G.O. : Ada est l’optimiste, l’incarnation du carpe diem, mais aussi un personnage qui refuse de se laisser réduire ou résumer à ses souffrances pourtant immenses. À travers elle, j’affirme que je crois en la possibilité d’une résilience, j’affirme aussi le fait qu’à mon avis notre humanité se loge justement dans la beauté, la poésie, l’art… dans des choses que l’on a tendance, en situation de crise, à considérer comme accessoires, alors qu’elles sont fondamentales.

PROJECT-ILES : Pourquoi le choix de ce borborygme hurlé par « la chimère » ? Cherchiez-vous à créer de l’étrange pourquoi ? Pour interroger la langue, les langues ?
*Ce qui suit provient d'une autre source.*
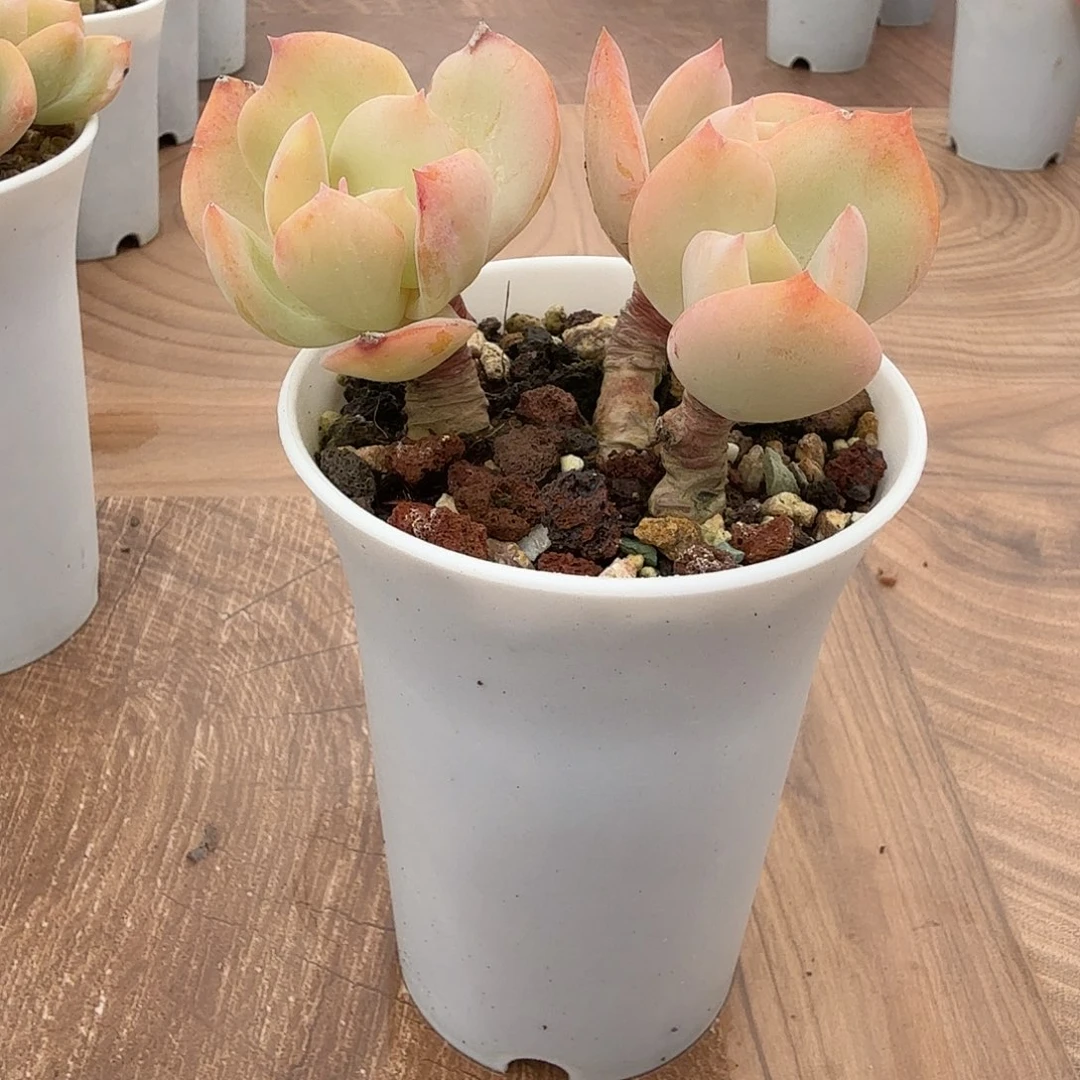 魏***双白凤多肉植物一颗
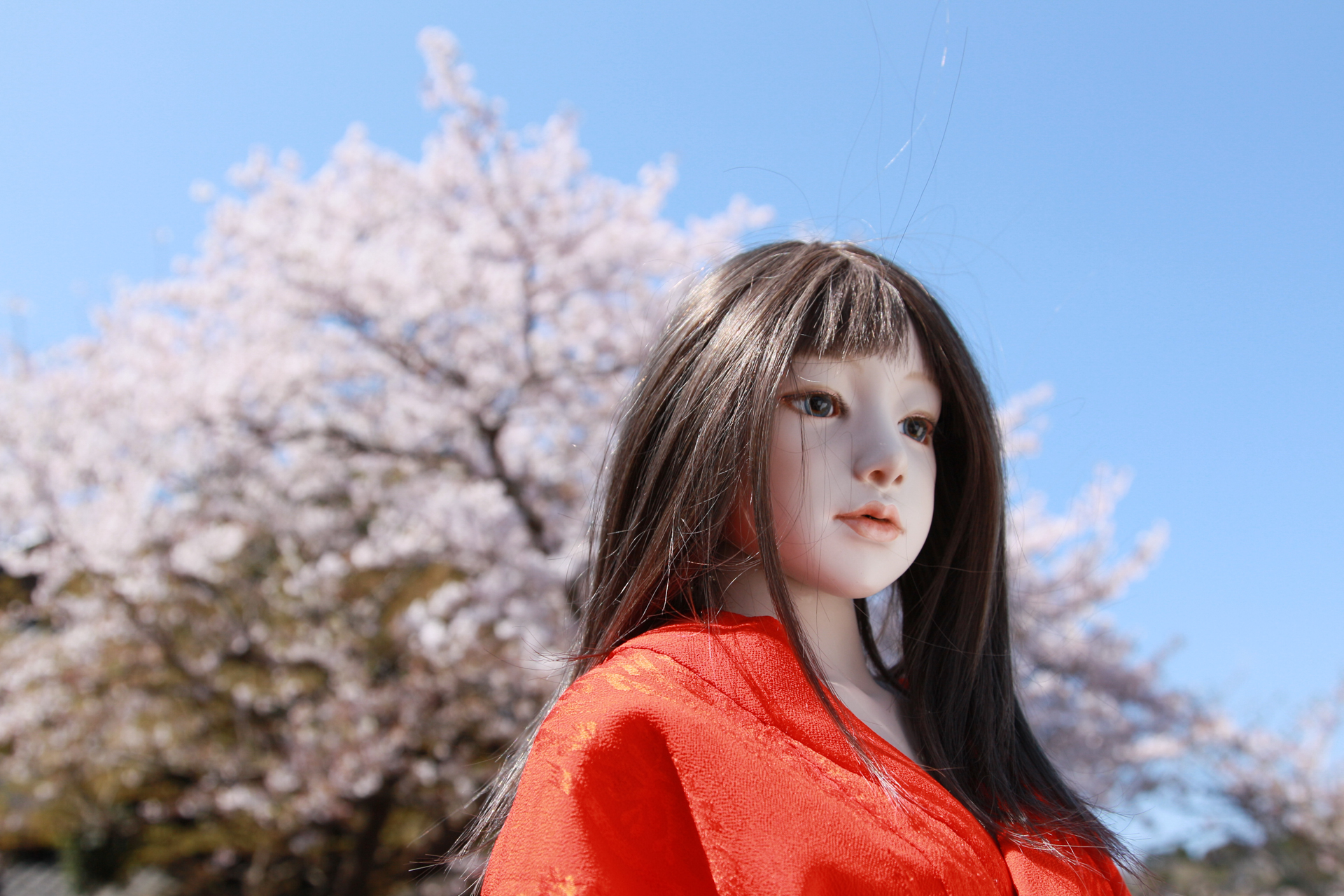 桜の木の下、晴天下の光をいかして屋外で撮影。人形を撮っていて特に表情が変わると思うのがローアングルで撮影した時。このカットは、すごく優しい感じ。どこか笑っているように見えませんか<br><span class="fnt-85">EOS-1D Mark IV / 32mm / 絞り優先AE（F5.6・1/640秒・±0EV） / ISO 200</span>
G.O. : Cette idée m’est venue accidentellement, en quelque sorte. Je savais déjà que je voulais faire de mes trois personnages l’incarnation des trois alternatives possibles en situation tragique : l’optimisme, le pessimisme et l’opportunisme. Ada l’optimiste et Eddie la pessimiste commençaient à se construire mais je n’arrivais pas à donner vie à mon opportuniste, c’est-à-dire à la femme de pouvoir, celle qui devait tirer de la puissance de la situation. Et puis je me suis retrouvée à faire du camping dans un pays asiatique dont je ne comprenais absolument pas la langue. Alors que nous étions endormis, une voix s’est mise à parler dans un haut-parleur, dans la langue locale évidemment. Cela a provoqué en moi un réflexe de peur panique et un besoin irrépressible « d’obéir ». Pourquoi ? Quel traumatisme transgénérationnel cela avait-il réveillé ? Rappelons que je suis martiniquaise, que certains de mes ancêtres ont dû, eux aussi, faire face à des injonctions dans des langues qu’ils ne comprenaient pas, alors même que leur survie, ou le fait d’échapper au fouet, à la mutilation, dépendait justement de leur faculté à répondre correctement à ces injonctions. Toujours est-il que cet événement survenu tout à fait par hasard a donné naissance à celle qu’Eddie surnomme « la chimère » tandis qu’Ada l’appelle « la Rhapsode », qui parle donc dans une langue que j’ai inventée de toutes pièces. Après coup, j’ai compris que ce dispositif me donnait aussi l’occasion d’évoquer le pouvoir du langage, le mensonge du langage, le sens qu’ont les mots vs celui que l’on veut bien leur donner, en particulier en politique, et enfin, la question de l’obéissance ou de la désobéissance civile.